We finally got the message. Having lost another 4 or 5 people since INDEX, we lined up and linked arms… dunking together in the water, rising up together, and marching back to the starting line before falling on our faces in a push up position in unison. Cadre was proud.

When the sun started coming up around hour 9, there was a palpable improvement — everyone’s morale improved with the light of dawn. From there, we just had to get back to the starting point to finish up and get patched.

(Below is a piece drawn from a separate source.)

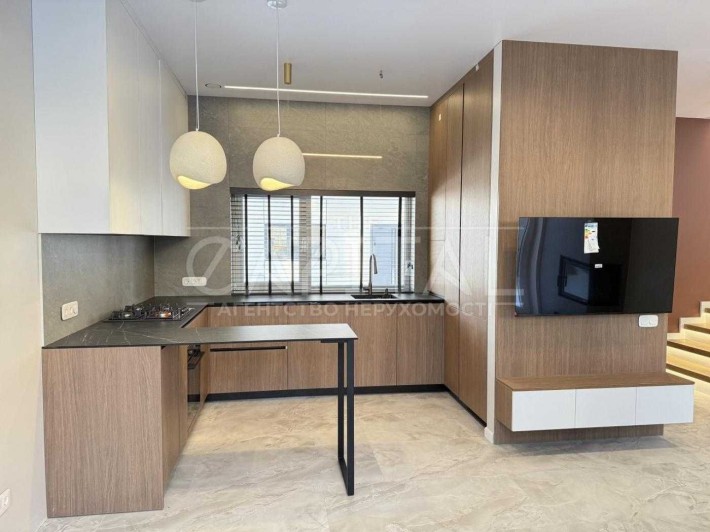 Продажа дома (дуплекса), Петропавловская Борщаговка, ГАЗ, БЕЗ КОМИССИИ - фото 1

It couldn’t come soon enough.

Still, we weren’t done. We failed to make pace during the last leg… so, we ended up doing a mixture of team-arm-linked-lunges and 4-count-flutter-kicks until we summed a total of years between 2021 and D-Day 1945.

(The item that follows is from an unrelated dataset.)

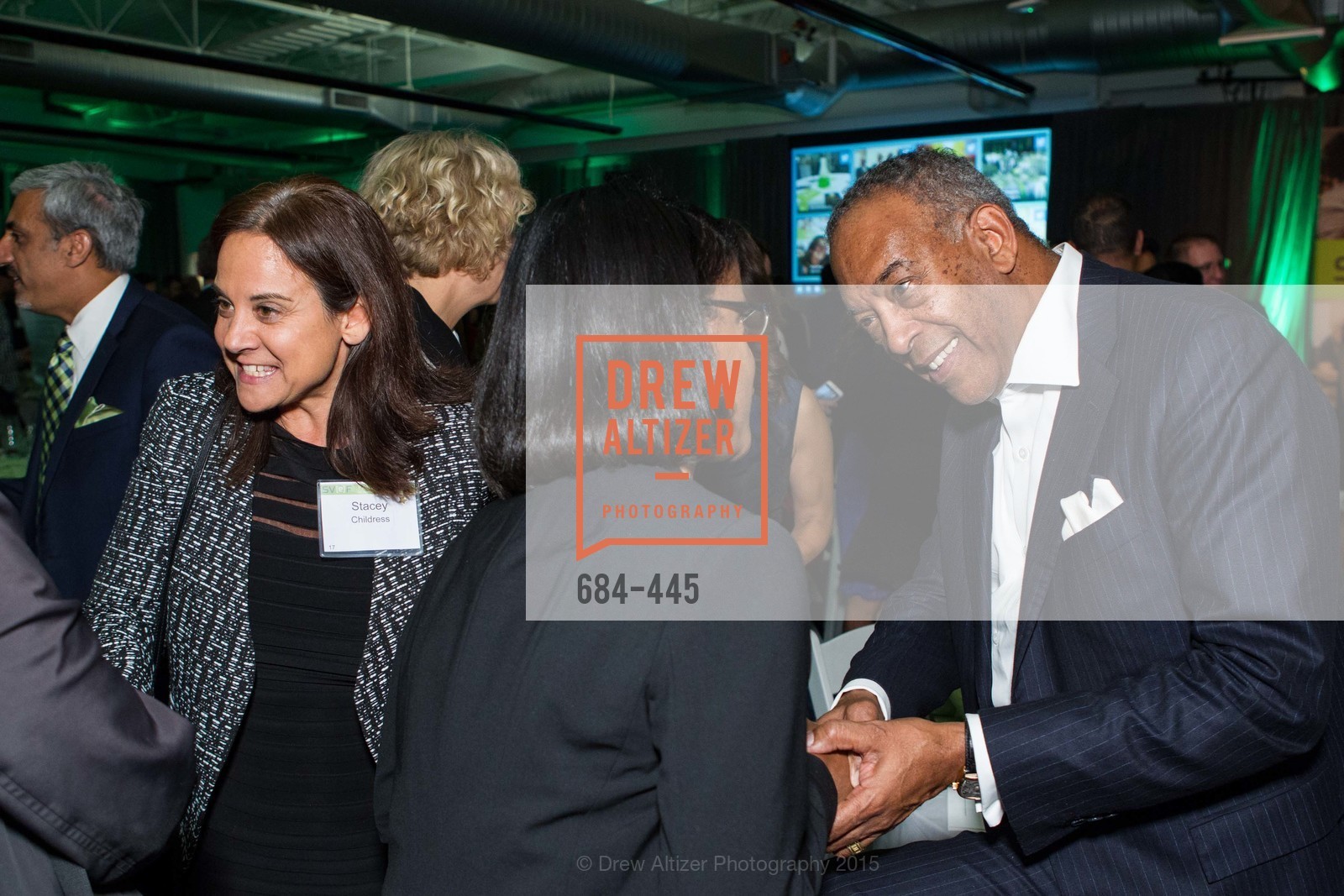 Stacey Childress, John W. Thompson, Silicon Valley Education Foundation's PIONEERS & PURPOSE, Computer History Museum. 1401 N. Shoreline Blvd, November 4th, 2015,Drew Altizer, Drew Altizer Photography, full-service agency, private events, San Francisco photographer, photographer california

76 reps of some given exercise was all that was left between us and finishing. No wait… we failed pace three times.

76 x 3 = 228. We had TWO HUNDRED AND TWENTY-EIGHT repetitions of exercises to pay for.

Cadre was merciful. We did a combination of lunges and flutter kicks. In the last set, I cramped up in my abs, and BAD… I felt such pressure to get in line to finish with flutter kicks and nearly couldn’t finish.

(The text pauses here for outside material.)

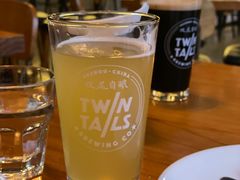 -Twin Tails Brewpub双尾精酿餐吧(八坼店)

There were many times when my form was off or I missed a rep — both here, and throughout the event… it was a failing feeling.

It was only through this moment that I realized the purpose wasn’t to be perfect. Pretty much no one has the ability to be perfect throughout a challenge. The purpose was to persevere — to keep moving — to finish.

My first GORUCK Tough was an incredible and challenging experience, as per successful intentions per the name. I had blisters all over my feet due to lack of “complete” training, lack of experience, and not the most ideal choice of footwear for my flat foot anatomy — perhaps a review I will make some other time on boots vs. trail runners. I was sore beyond comparison. I got home, ate, and slept for hours… and, I couldn’t move well for a week.

Fortunately, this wouldn’t be the end of the story…


I had heard about the Marine Recon/Raider Heavy-Tough-Basic (HTB) triple event combo leading up to November of 2021. However, I had opted to try my first 5K race: the Joggin’ for Frogmen 5k at Liberty Station, San Diego.

Unfortunately, due to the loss of a close family friend’s father and this race, I would only be able to participate in the Recon Basic this round.

The good news is my cardio was up and I had been training a lot more with coupons.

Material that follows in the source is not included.